# Mehrsprachige Seite mit Struts & Co. ?



## Rumborak (21. Aug 2006)

Hallo zusammen!

Wie geht man denn am besten vor, wenn man einen größeren Internetauftritt in mehreren Sprachen realisieren will?

Für jeden kleinen Text - und wenn's nur ein Wort ist - nimmt man doch keine Property-Datei, oder? So weit ich das bis jetzt überblicke, ist das doch ziemlich umständlich. Wäre da nicht eine datenbankbasierte Lösung besser? In der Praxis müssen die Texte ja auch von irgendwem übersetzt bzw. eingepflegt werden.

Wie sieht denn da eine Lösung nach Best Practice aus...?


----------



## KSG9|sebastian (22. Aug 2006)

Schau dir mal die ResourceBundles an


----------



## Rumborak (22. Aug 2006)

Danke für die Antwort!

So wie's aussieht, reagieren resource bundles standardmäßig auf die Einstellungen beim jeweiligen Benutzer.

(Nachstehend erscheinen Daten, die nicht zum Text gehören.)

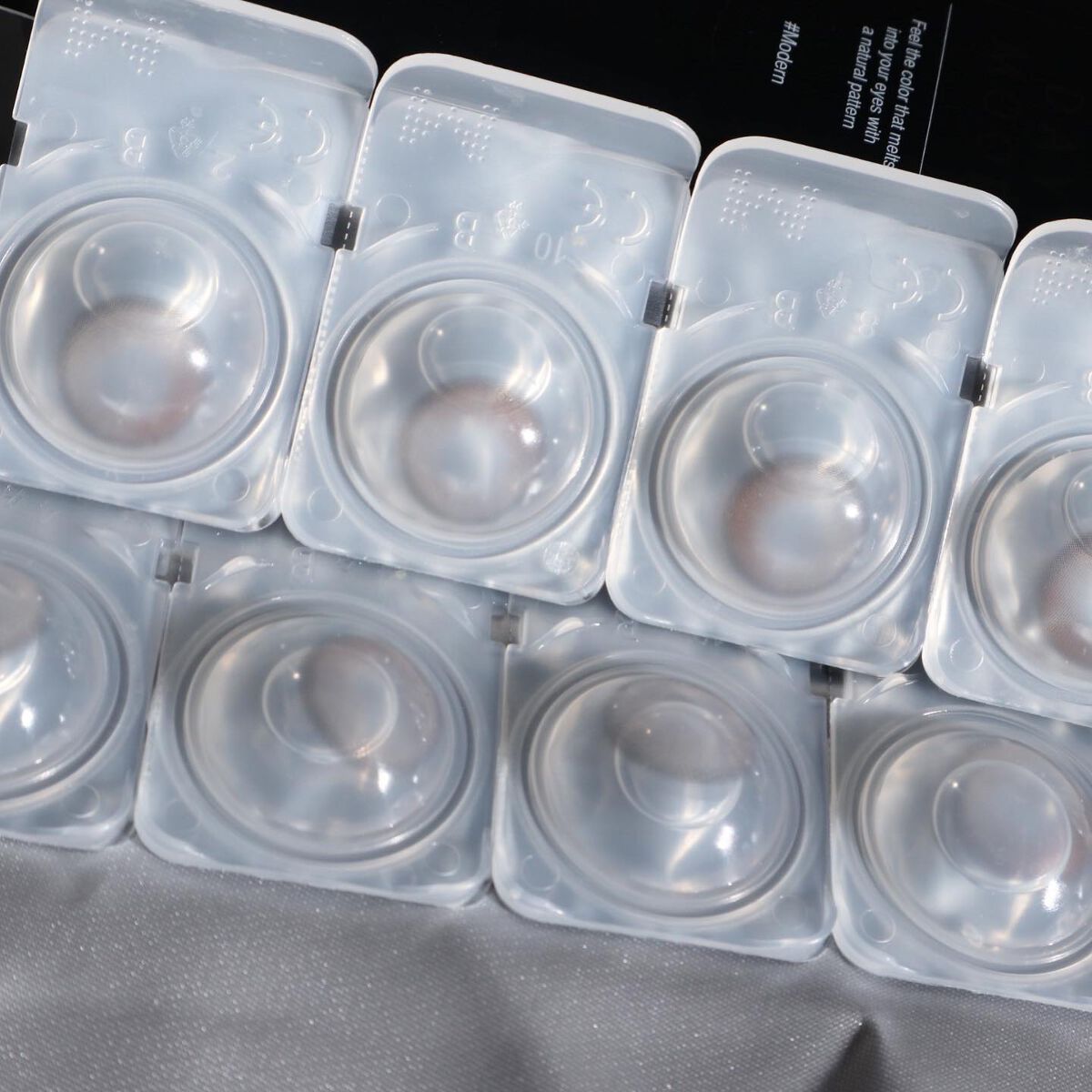 デームードワンデー(DAYMOOD 1day)/OLOLA/ワンデー(1DAY)カラコンを使ったクチコミ(4枚目)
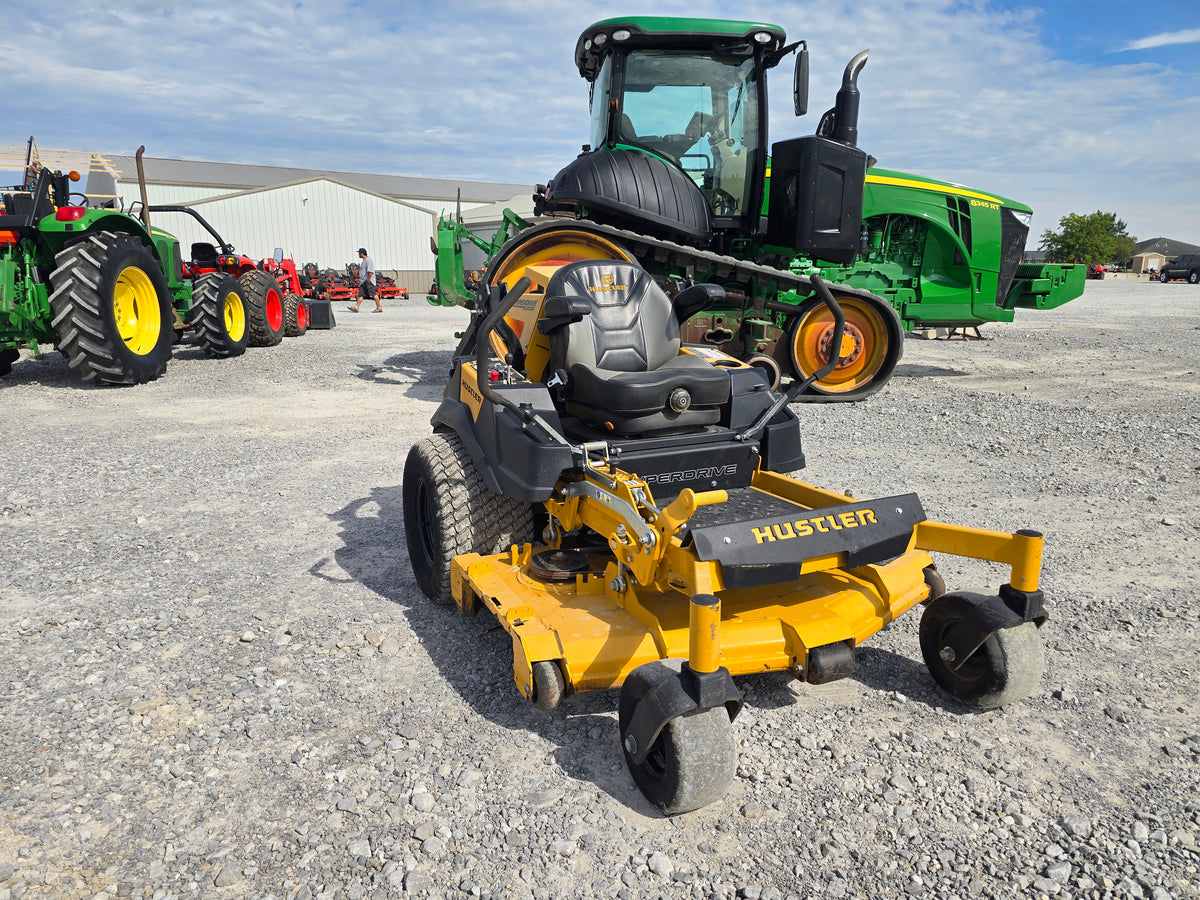 USED 2024 HUSTLER HYPERDRIVE - 35HP KAW. - #6106060 - $11,900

Ich würde das aber gerne so machen, daß man interaktiv die Sprache wechseln kann. Es könnte ja sein, daß bspw. ein Chinese mit einem deutschen Browser eine Seite ankuckt und die aber gerne auf Englisch haben möchte.

Gibt's da nicht irgendwo ein gutes Tutorial oder Beispiele, die man sich mal anschauen kann...?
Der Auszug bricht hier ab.